One thing is for journalism to report on both the good, the bad, and the ugly of the government. It is another completely different thing for a journalistic source to be "controlled" by a political party, that refuses to showcase the negativity within the current government, instead engaging on "propaganga" and slander against the opposition. So, I wouldn't say "hat adversarial relationship between the press and the government isn´t that fully developed, and that may not be such a bad thing.", it is a terrible thing. Because here journalism revolves around a bias. So much for objectivity in the press. One just has to take a look at some of the editorials (which even though it represents the opinion of the authors, it somewhat reflect the mindset of the newspaper itself) in either La Prensa Grafica or Diario de Hoy to take notice of the kind of trash that circulates thanks to the press.

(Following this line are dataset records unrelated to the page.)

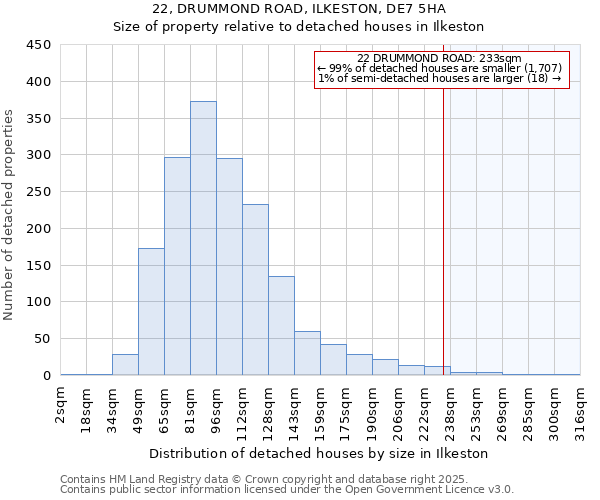 22, DRUMMOND ROAD, ILKESTON, DE7 5HA: Size of property relative to detached houses houses in Ilkeston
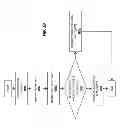 Fig. 11 - Apparatus and method for partial memory mirroring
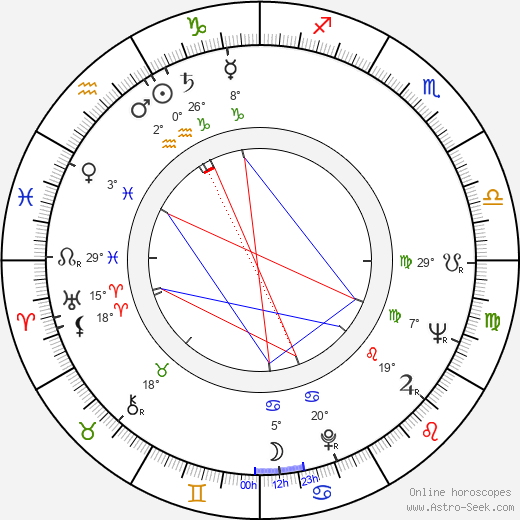Chica Xavier birth chart, biography, wikipedia 2024, 2025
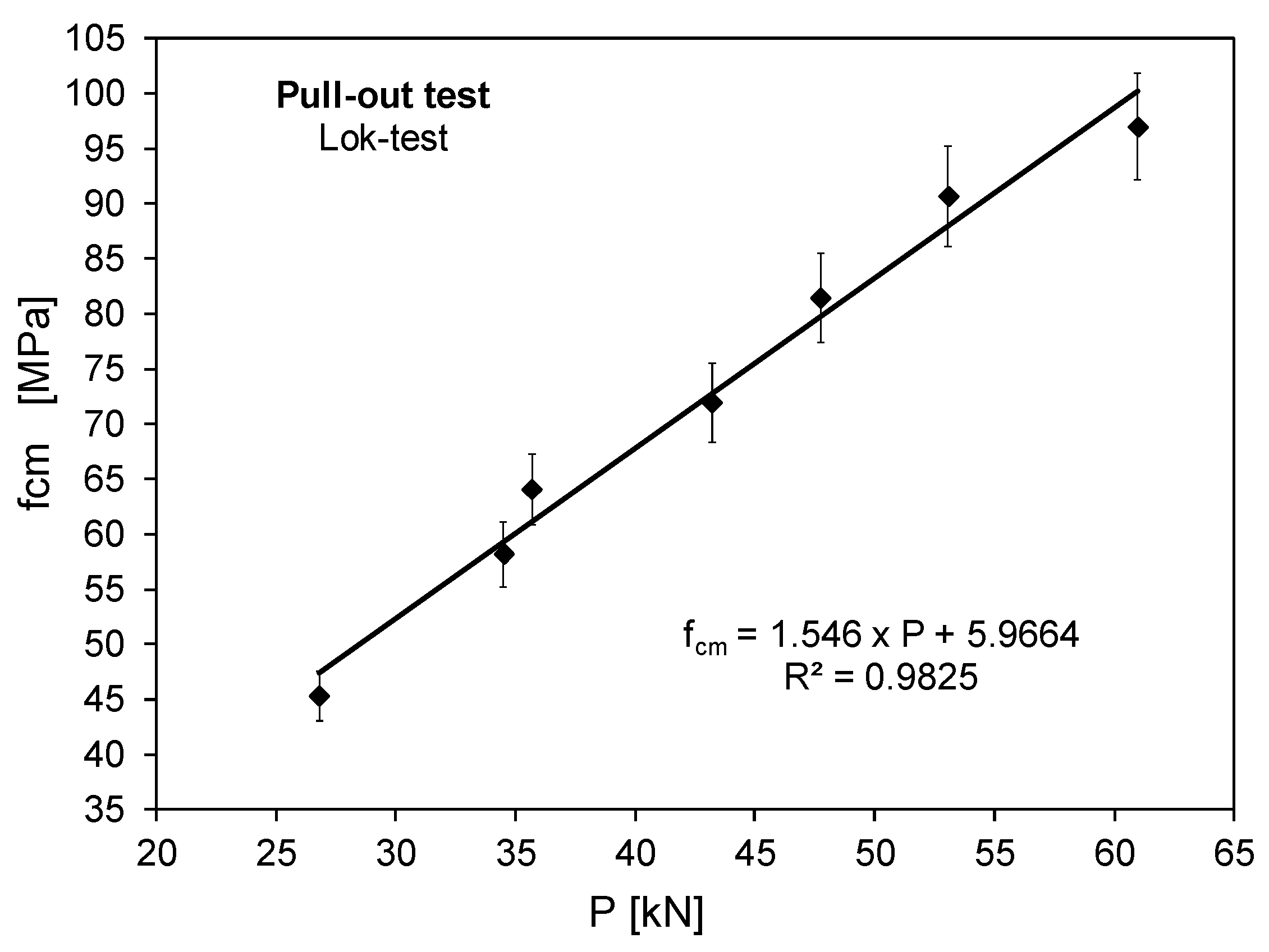 Applsci 09 05109 g019 550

Take a look at this: http://osomiguel.multiply.com/journal/item/13

Anti-communist propaganda? Hell yeah. The great right-wing machine of this country is the press (seeing how the 2 most important newspapers, and the biggest TV network of the country are rightist). Just like FOX NEWS in the US, newspaper/TV journalism here is a circus.

El-Visitador said...

"malicious questions like the one you asked in your comment"

I dispute that the question is malicious. Nonetheless, let me restate my position in non-question form: The coordinator of the "study" is the founder of the Venezuelan subsidiary of Media Watch Global, an organization founded and presided by one of the major activist leaders of the international left.

Tim, I agree that APES clearly disclosed who ran the "study," and I find their actions beyond reproach in that regard. Nonetheless, either because of ignorance, or because of willful omission, APES neglected to mention that the "study" was led by staff of an institution presided by a luminary of the global activist Left. This in no way disqualifies the "study", by the way. It is what it is, so long as one understands its provenance, and I see you agree with this view.

Regarding your and mine personal opinions about the quality of news reporting in El Salvador, I think that's a topic for another day. I will just say that most beat reporters will parrot whatever they are told, and hardly any of them ever challenges those they are interviewing. Critical thinking... it is just not there, yet.

Wally has excellent points regarding the role of the press. When the press elects to report only one side of the story, the public fails to learn the whole story. This is true in ES, the U.S., and elsewhere.

ibeingotherwise said...

just wanted to say i've been enjoying your blog! I felt weird reading along and never commenting!